- **What you need to do**:
Below are the records; extract from them the line containing "- Digitale Infozuil" to the line containing "انفجار آنکارا ناشی از بمب بود", both lines included, exactly and with no pictures.

═══ Records provided ═══

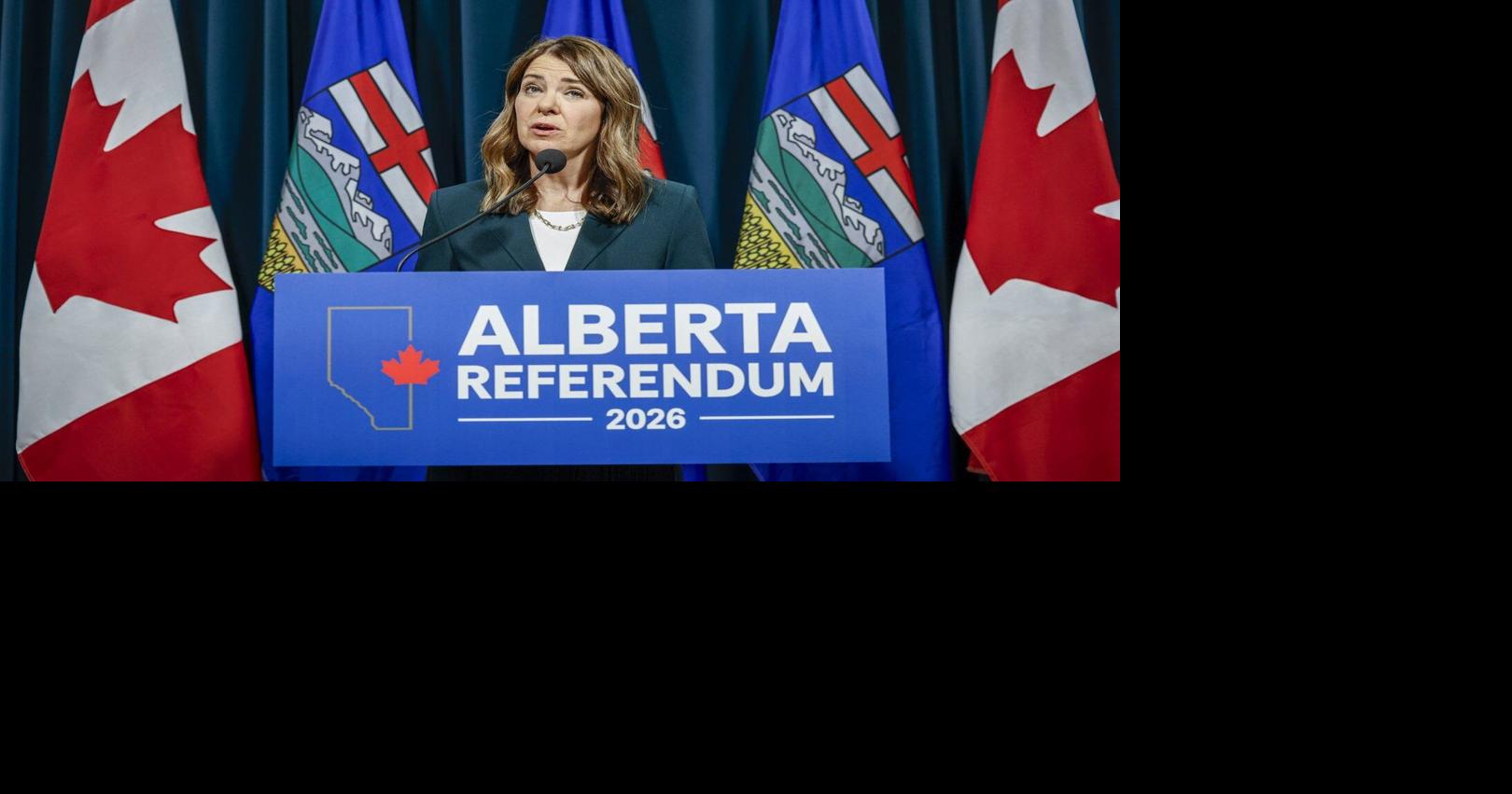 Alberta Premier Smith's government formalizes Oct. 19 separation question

═══
═══ Records provided ═══

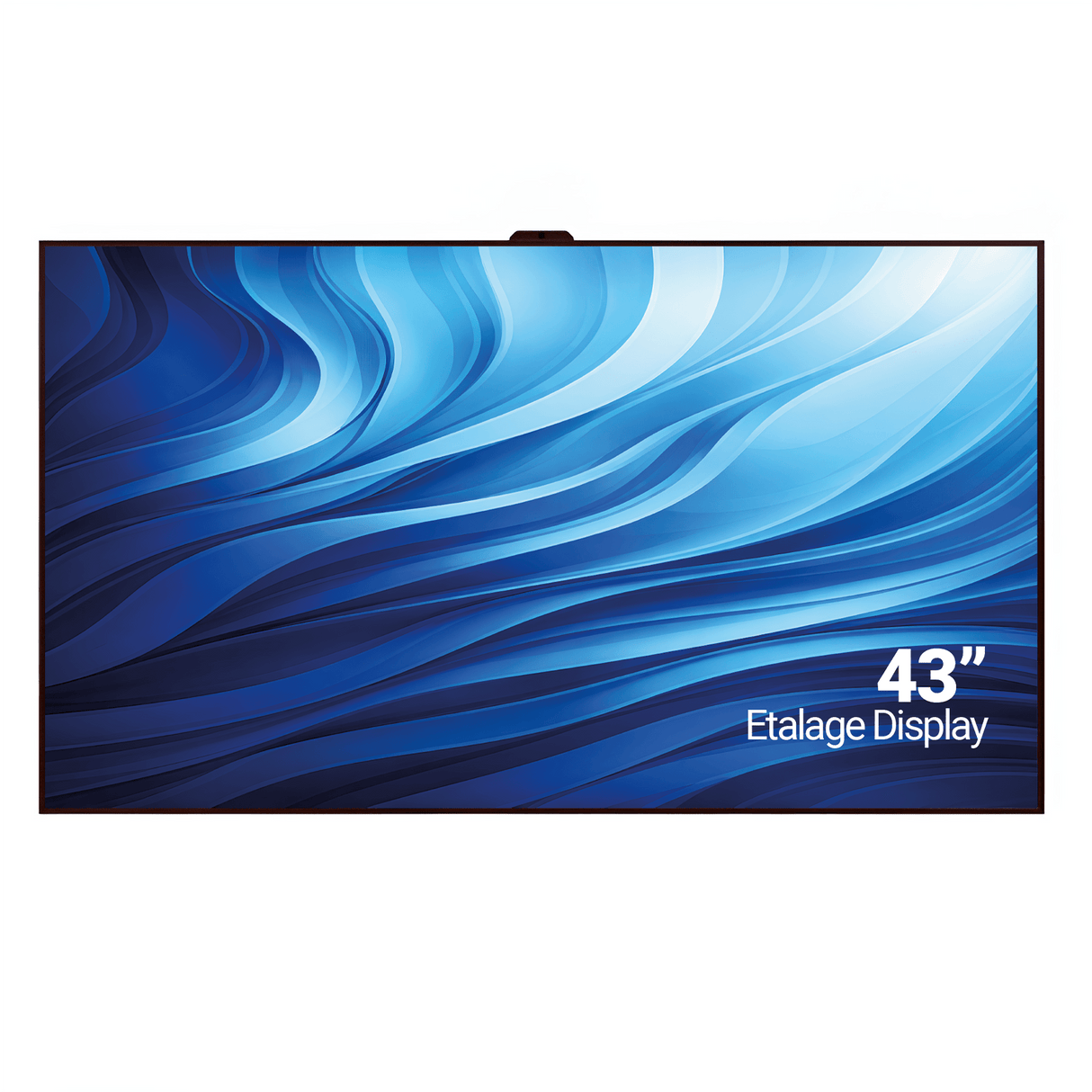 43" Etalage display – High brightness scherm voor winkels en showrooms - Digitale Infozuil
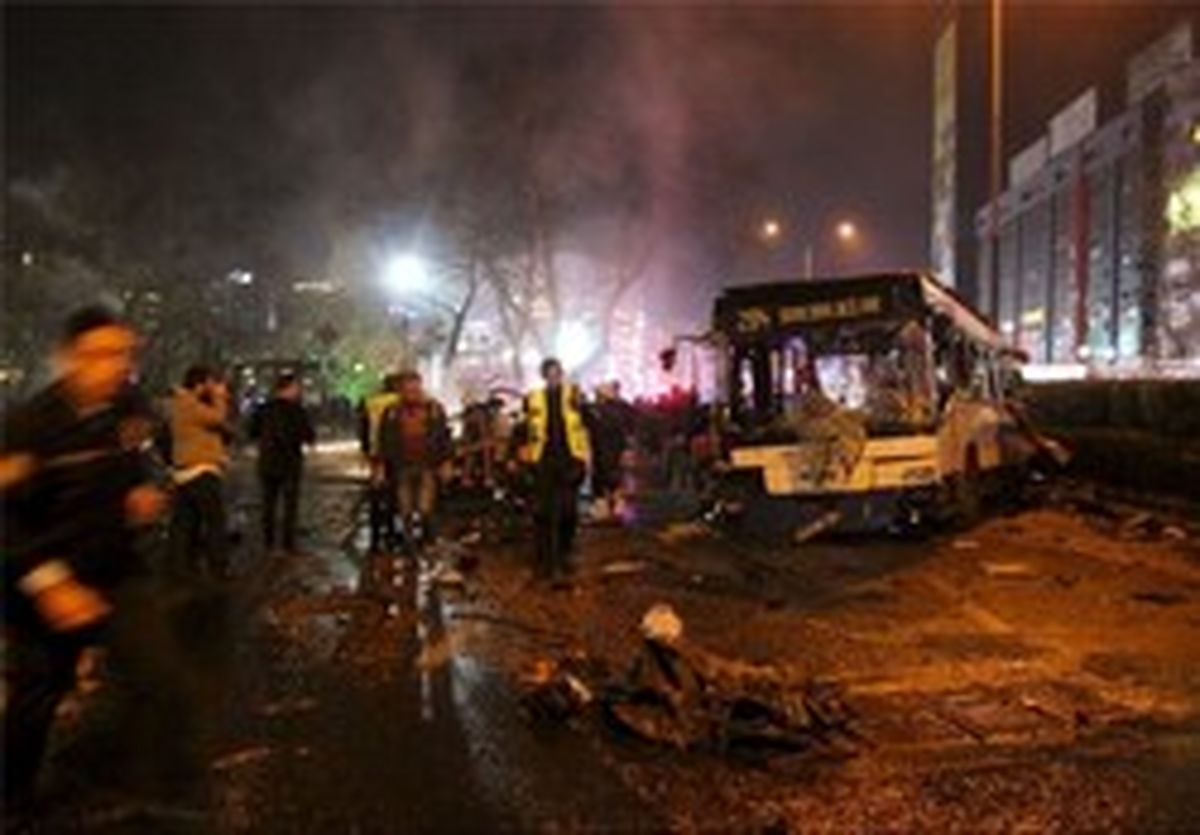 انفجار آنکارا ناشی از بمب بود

═══

- **Response box**:
 43" Etalage display – High brightness scherm voor winkels en showrooms - Digitale Infozuil
 انفجار آنکارا ناشی از بمب بود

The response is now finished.